Diferente será a opção da maioria dos que ali laboram. Mesmo que isso implique, para quase todos, a obrigação de abandonar a cidade de Lisboa, devido aos argumentos apresentados por Olímpio Cardoso: falta de oferta de espaços a preços aceitáveis. “Ando à procura de uma localização alternativa, mas dentro de Lisboa está fora de questão”, afirma Óscar Oliveira, 40, brasileiro de Minas Gerais há uma década com oficina instalada na Quinta da Noiva, pela qual paga uma renda mensal de 600 euros à CML. “Temos muito pouco tempo para sair. Parece que estamos a ser enxotados daqui, como se fôssemos cachorros”, comenta. Também Carlos – nome pelo qual pede para ser identificado um homem de 67 anos que trabalha há 45 naquele aglomerado – lamenta a saída apressada. Sem tempo a perder, vai limpando a oficina, que terá de abandonar dentro de dias, para ser demolida.
A procura de novas localizações para as oficinas é uma realidade para todos os que se encontrem ali em situação legal ou ilegal, quer tenham chegado a acordo com a CML para sair ou não. A isso são forçados pelo edital camarário em que são notificados da intervenção urgente nas escarpa. Nele se diz que “mesmo nas situações em que por acordo não seja possível a desocupação voluntária das construções a demolir, as condições de risco no local obrigam à utilização de meios administrativos alternativos”. O que é válido tanto para as oficinas como para os quatro agregados familiares ali detectados, dois em situação legal e outros tantos em situação ilegal – e que terão acompanhamento social dos serviços da câmara.
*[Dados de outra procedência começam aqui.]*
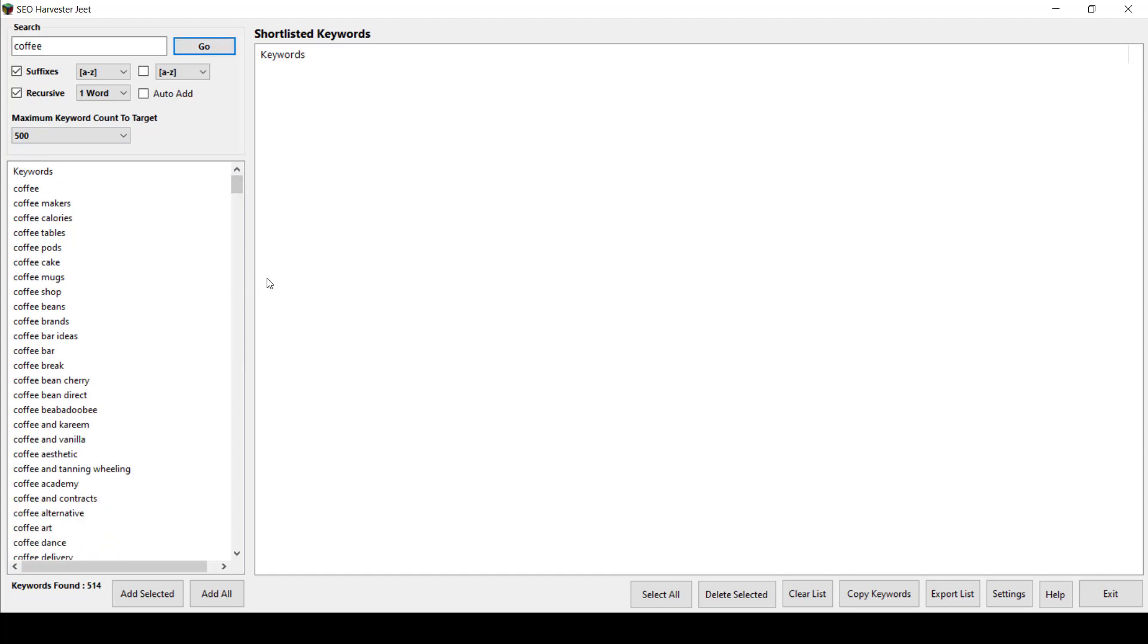The results that you can get from this app are the keywords that people are searching for and it will give you better value when you set up your content campaigns. SEO Harvester Jeet can help you choose the right targeted keywords depending on your niche. Use these keywords to dominate your video SEO keyword campaigns. That is how easy you can do an SEO keyword search.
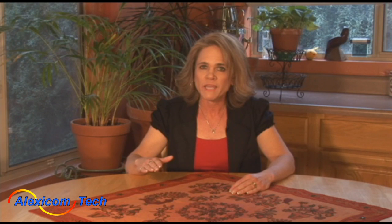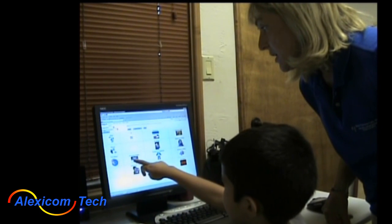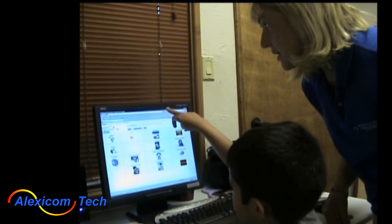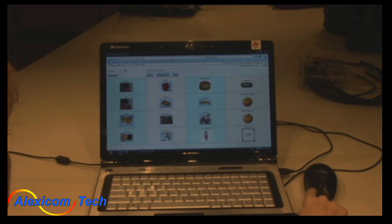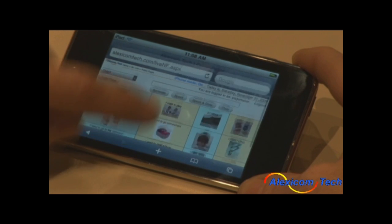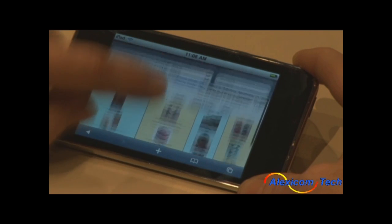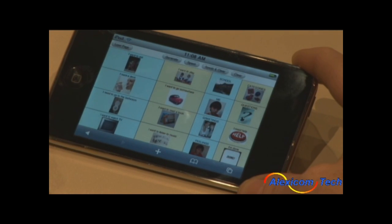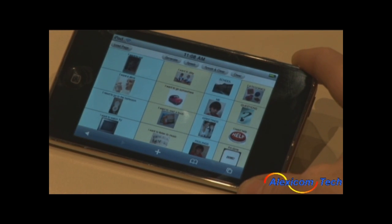You can then use AlexaCom's publishing feature to download communication pages for use offline, making AlexaCom internet-based, but not internet-dependent. AlexaCom can be used on desktops, laptops, netbooks, or even iPhones, and is designed to be easily accessible and affordable.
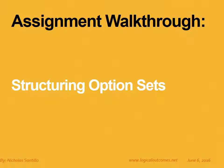Hello and welcome to this assignment walkthrough video for the DHIS2 curriculum developed by Logical Outcomes. My name is Nicholas Santillo and in this video I'm joined by Georgie Chakrav and together we go through structuring option sets.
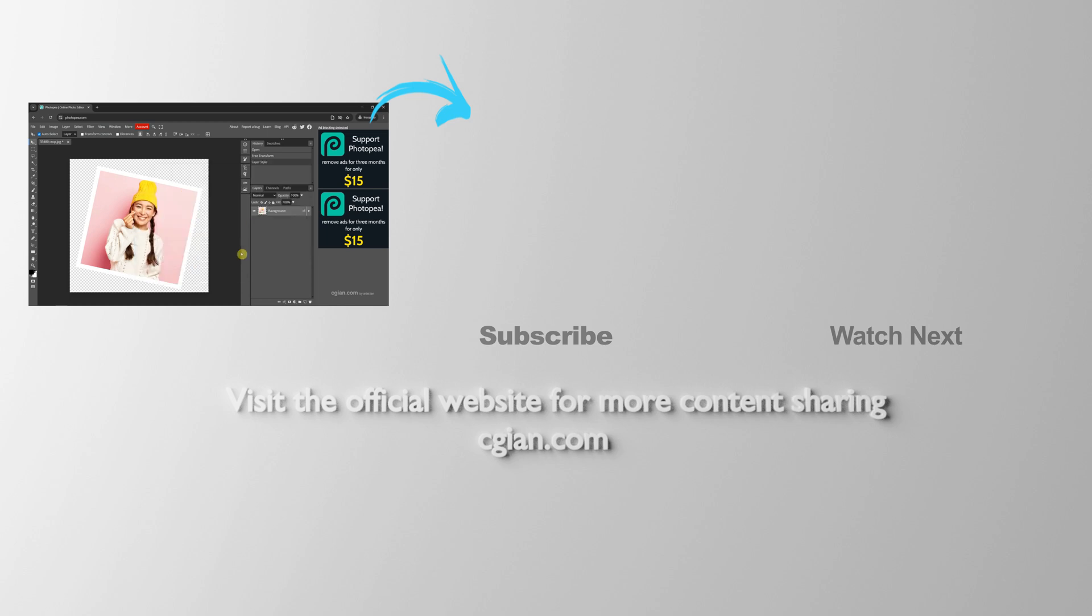So this is how we can add a border to an image using Photopea. Thank you for watching this video. Hope this helped. Please subscribe to this channel. More videos will be shared with you. I am CGN. See you in the next video.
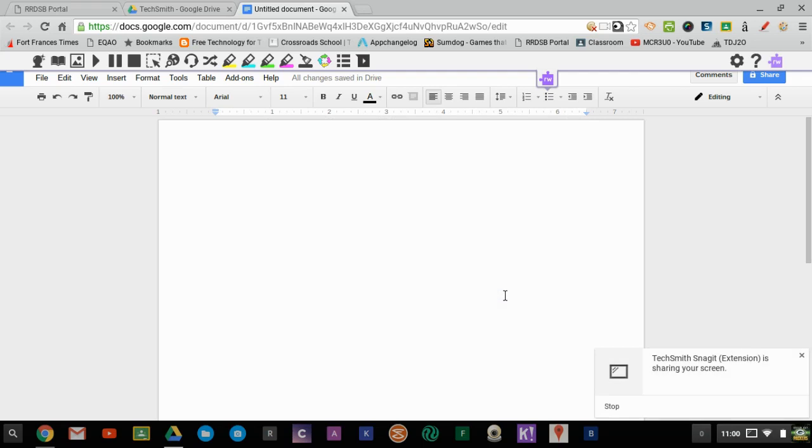When students are signed into their Chrome browser, they will all have access to the Read&Write toolbar, which has a lot of cool features that they can use in Google Docs and while just being on the internet.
Uma das pessoas que será realojada pela autarquia será Paula Espírito Santo, 44 anos, a viver ali há quatro anos. Desempregada, irá para uma habitação municipal “situada na zona entre Moscavide e a Gare do Oriente”.
A operação em curso envolve ainda a limpeza dos terrenos, dali se procedendo à retirada não só de diversos carros abandonados, mas também de todos os “diferentes resíduos perigosos e ferrosos”, bem como ao corte e remoção de um canavial. Além da circulação automóvel e ciclável, o dia 1 de Maio assistirá ainda ao corte definitivo do abastecimento de electricidade e água à Quinta da Noiva.